Firefox 83, scheduled for release later today, will ship with a new security feature named “HTTPS-Only Mode” that will try to load all websites via HTTPS or show an error message on sites that only support the older and insecure HTTP protocol.
By default, the new feature is disabled, but users can enable it by going to the Firefox Options page, to the Privacy & Security section, and then searching for the HTTPS-Only Mode settings.
According to Mozilla, the new feature works by attempting to find the HTTPS version of any website, even if the user has accessed the site by typing or clicking on an HTTP link.
If Firefox can’t auto-upgrade a site to an HTTPS connection, the browser will show an error to the user and ask them to click a button to confirm they want to access a website via an older HTTP connection.
The new HTTPS-Only Mode feature can also be enabled or disabled by clicking the lock icon in the address bar and selecting it from the drop-down panel that appears.

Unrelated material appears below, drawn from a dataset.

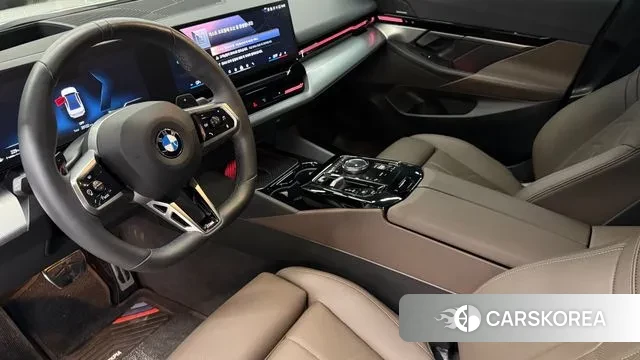 BMW 5 Series (G60) 2023 Белый из Кореи, фото 6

Today, the HTTP protocol is considered insecure because all traffic occurs via plaintext messages that can be intercepted and expose a user’s web traffic.
The HTTPS protocol is the natural evolution of the HTTP protocol, with the connection being established and taking place via an encrypted channel.
Mozilla said it fully expects that HTTPS will become the standard way to navigate the web. As more websites will migrate to HTTPS, Mozilla said it will soon be possible for browser makers to deprecate HTTP connections altogether, effectively making the HTTPS-Only Mode the default browsing state going forward.